AI Thrust Seminar | Moving Offline Learning to Rank Online, from Theory to Practice
Online Learning to Rank (OL2R) eliminates the need of explicit relevance annotation by directly optimizing the rankers from their interactions with users on the fly. However, the required exploration drives it away from successful practices in offline learning to rank, which limits OL2R's empirical performance and practical applicability.
Stepping away from existing numerous but sub-optimal OL2R algorithms, we take a unique perspective to convert offline learning to rank algorithms online, which empowers us to directly leverage the best practices in the past twenty years' development in offline learning to rank to solve the OL2R problem. In this talk, I will discuss our recent effort in learning a neural ranking model based on user clicks online. We prove that, under standard assumptions, our neural OL2R solution obtains a gap-dependent upper regret bound of O(\log^2(T)), which is defined on the total number of mis-ordered pairs over T rounds. Empirically, it also outperformed a rich set of state-of-the-art OL2R baselines on two large benchmark datasets.

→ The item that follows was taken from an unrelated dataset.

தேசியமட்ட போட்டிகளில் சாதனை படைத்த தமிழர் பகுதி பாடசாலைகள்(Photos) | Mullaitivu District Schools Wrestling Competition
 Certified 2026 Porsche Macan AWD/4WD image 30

Dr. Hongning Wang is now an Associate Professor in the Department of Computer Science at the University of Virginia. He received his PhD degree in computer science at the University of Illinois at Champaign-Urbana in 2014. His research generally lies in the intersection among machine learning, data mining and information retrieval, with a special focus on sequential decision optimization and computational user modeling. His work has generated over 80 research papers in top venues in data mining and information retrieval areas. He is a recipient of 2016 National Science Foundation CAREER Award, 2020 Google Faculty Research Award, and SIGIR’2019 Best Paper Award.